On a more positive note – look how much they’ve all grown (except the “little one”) in one week! I can’t wait to see what 8-10 weeks bring!
Sunday, April 4, 2010
Looking back, I was so naive. I was new to distance running, so I've never experienced the injuries that come along with it. Growing up a swimmer, I didn't have to worry about foot or knee injuries. My friend turned to me and said, "You have plantar fasciitis."
Strassburg Sock. I wore one of three pairs of shoes with either inserts in them or great arch support (any fashion sense was thrown out the window during this time). I began seeing a chiropractor for the first time in my life to get Active Release Technique (ART). I switched to a heavy swimming workout. And then finally, after a few months, I began spinning! (Just an FYI - I did (barely) complete the Disney Marathon in 2009)
I was traveling for work, working out at a YMCA in Fernandina Beach, FL when the spin instructor came onto the cardio floor and started asking (begging) for people to join her spin class.

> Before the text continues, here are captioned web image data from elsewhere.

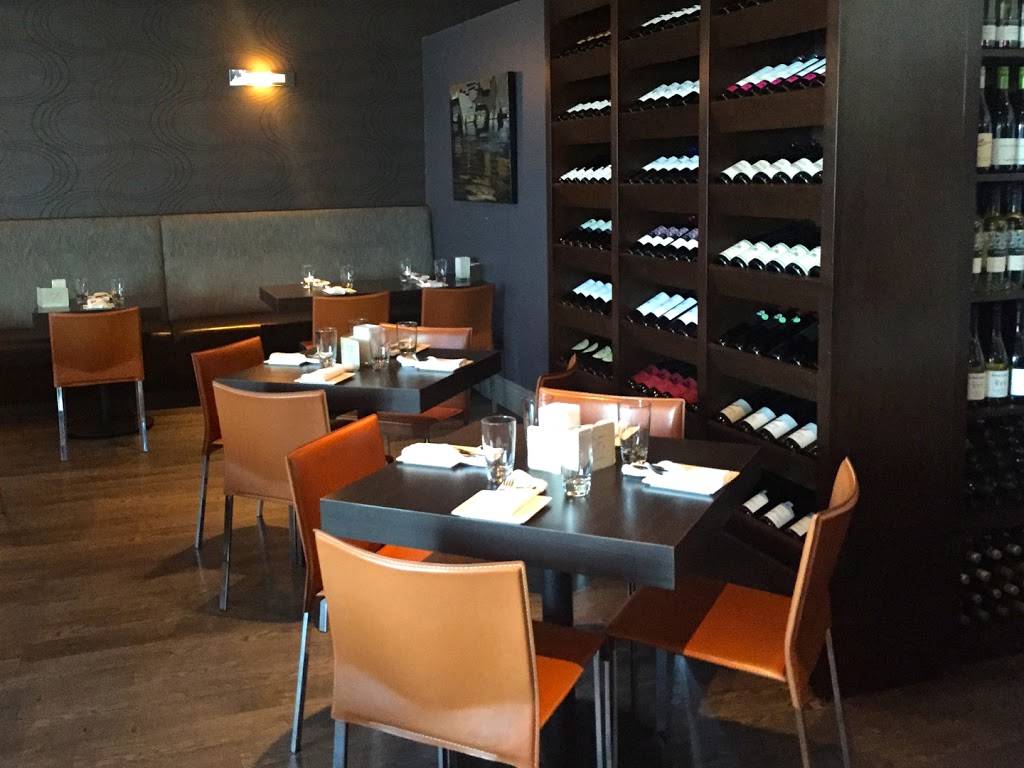 Days on Front | restaurant | 730 Front Rd, Kingston, ON K7M 6P7, Canada | 6137669000 OR +1 613-766-9000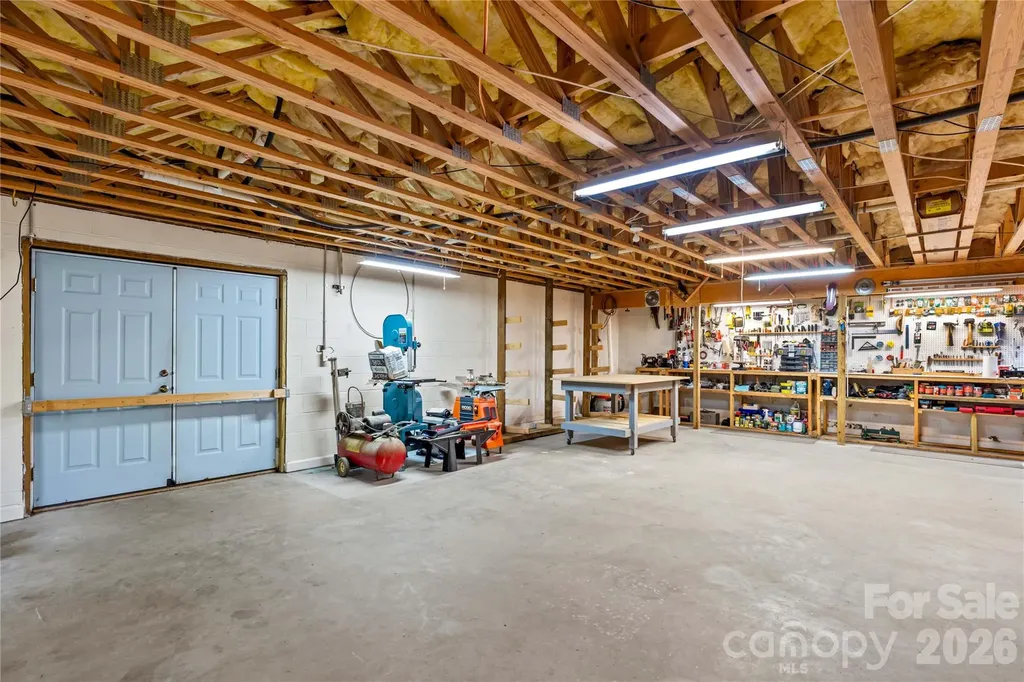 104 Parkers Grove Lane Statesville NC 28677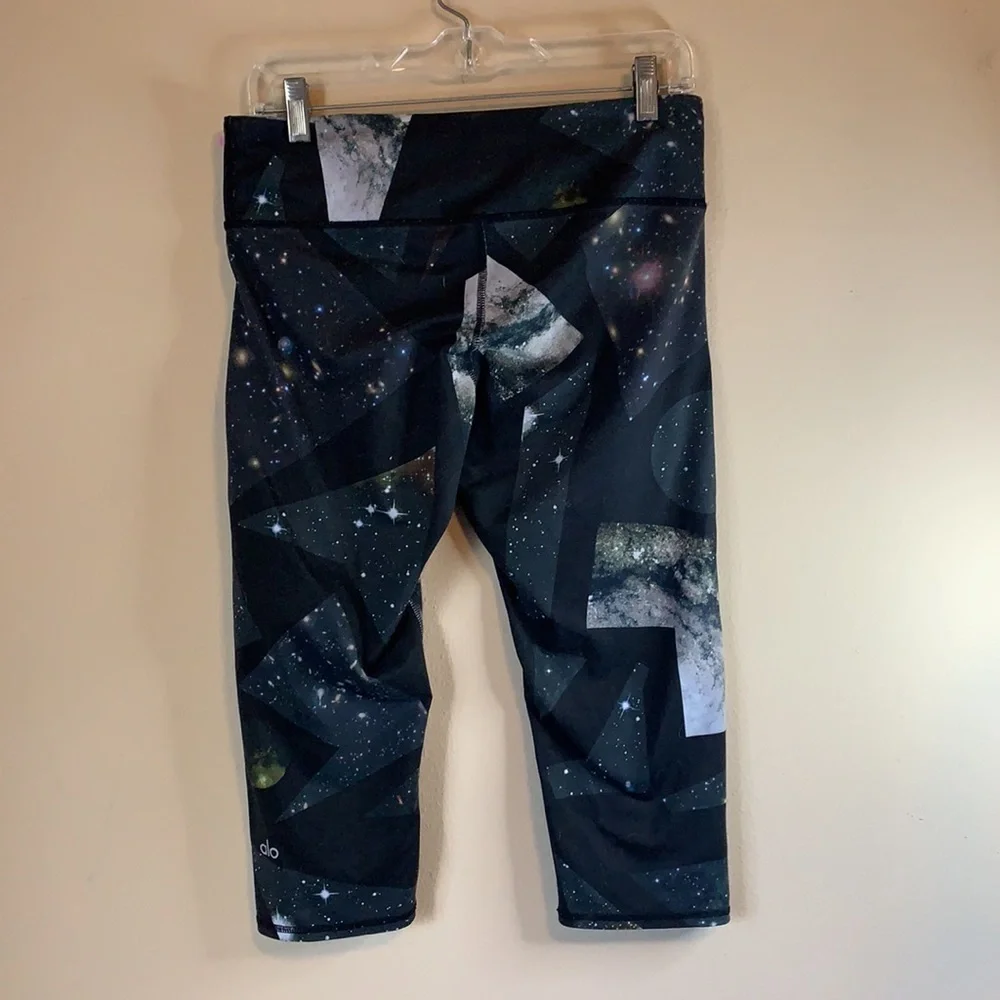 ALO Yoga Celestial Galaxy Star Novelty Print High Waist Cropped Leggings Medium - Picture 5 of 10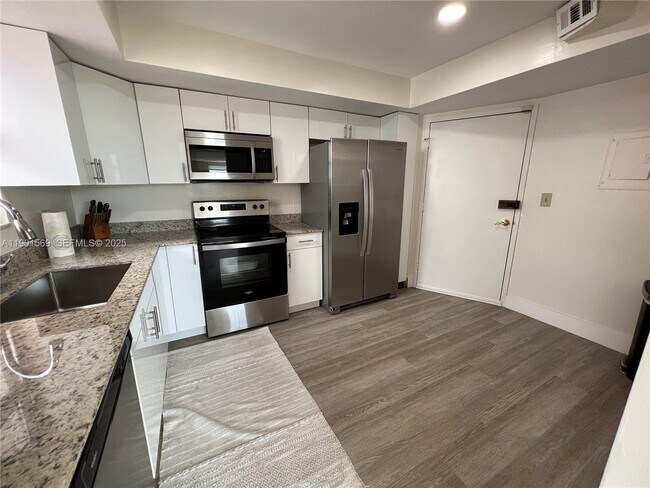 Building Photo - 1301 NE Miami Gardens Dr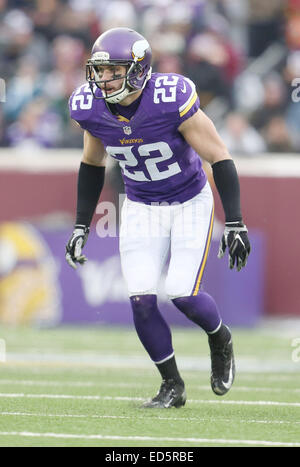 Minneapolis, Minnesota, USA. 28 Dec, 2014. Minnesota Vikings coffre Harrison Smith (22) est affiché pendant un match de la NFL entre les ours de Chicago et les Minnesota Vikings à TCF Bank Stadium à Minneapolis, Minnesota. Les Vikings ont défait les ours 13 - 9. Credit : csm/Alamy Live News Banque D'Images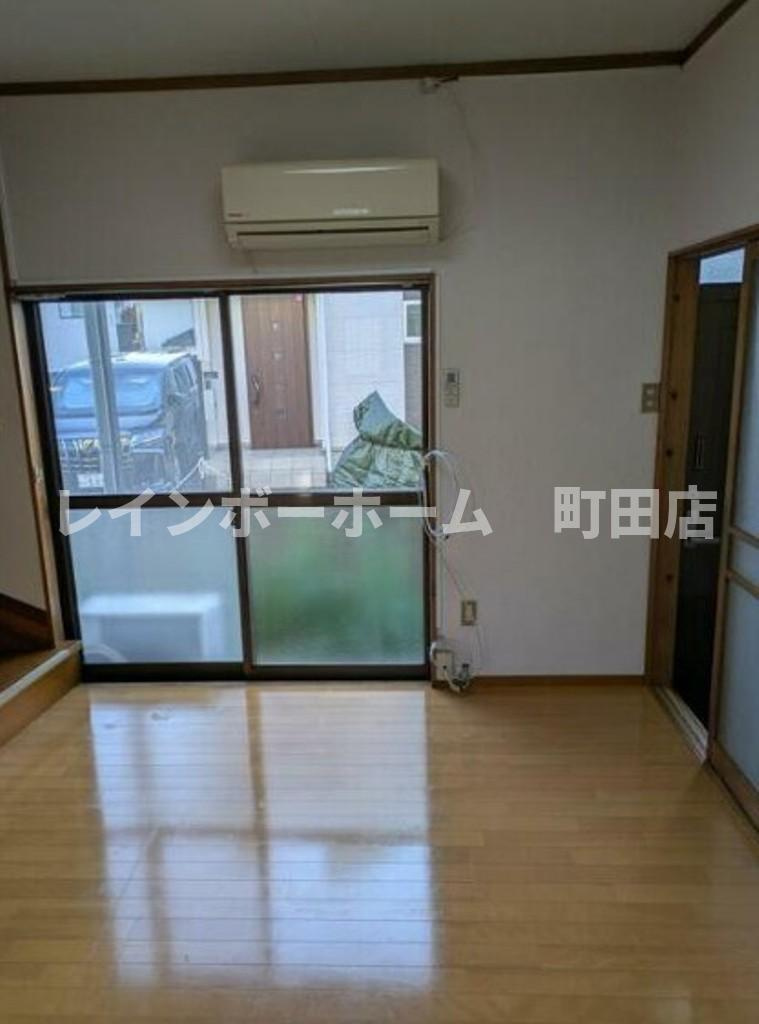 森野３丁目テラスハウス ※初期費用分割あと払いサービス利用可能物件の居間・リビング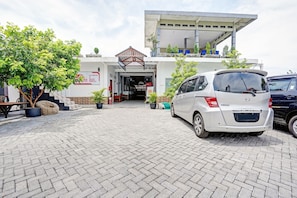 Front of property - OYO Life 90678 Omah Kulo Guest House (Jombang)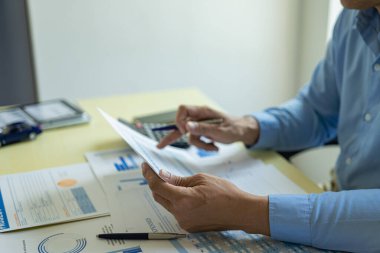 Performans analiz raporunu hazırlayan muhasebeci holding yöneticileri, finansal verileri analiz etmek için çevrimiçi bilgisayar yazılımı kullanarak belge oluşturuyorlar. Yakın plan resimler.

There was only one person in there who came often, but the others who joined were all new. I don't know that lady's name, but THANK YOU for bringing me in there for change! I've always seen the "spinners," but I was always intimidated to jump in there myself.
That was nearly 2 years ago, and I've been addicted to spinning ever since. It is a workout that isn't hard on the body like running, but it gets you moving and those endorphins high. Nothing like some bumping music and sweat dripping off your face to start your day!
I encourage you all to try a spin class. In a 45 minute class you will burn anywhere from 500-650 calories! You don't need any fancy gear to do it either.
A Beginner's Guide to Spinning
- Show up to class at least 20 minutes early especially if you are taking a class at a peak time (5pm - 7pm).
- Most gyms have a "sign-in" system (sign a list, grab a number, or sign a list where your sign in spot corresponds to your bike number, etc.). Be sure to inquire about this at the front desk when you arrive.
- Choose a bike. Some things I look at when choosing a bike at my current gym. You probably wouldn't be aware of these things when you are just beginning, but after a few classes you will start to know bikes you like.
- Location, Location, Location. Are you a front-row Joe or a back seat driver?
- Is it a newer bike or older bike? I can tell because the newer ones are not rusted near the pedals.
- Is the seat narrow or wide? The solid black seats are narrower and hurt my bum more, so I like the black and grey seats.
- Tell the teacher you are new. She/he will help you adjust your bike to the correct settings.
- Mount your bike and test things out a bit. Is your seat far enough forward? Is your seat high enough? Are your handlebars at the right height? After a few minutes you might want to tweak some things to ensure a comfortable ride.
- The nob in the center of your bike controls your resistance. For your first class keep things light. Over time though you will look back and realize that at the beginning you thought you were kicking ass, but really you just had about 1/10 the resistance as your power house neighbor.
- Bring a large bottle of water and a towel (unless your gym supplies them)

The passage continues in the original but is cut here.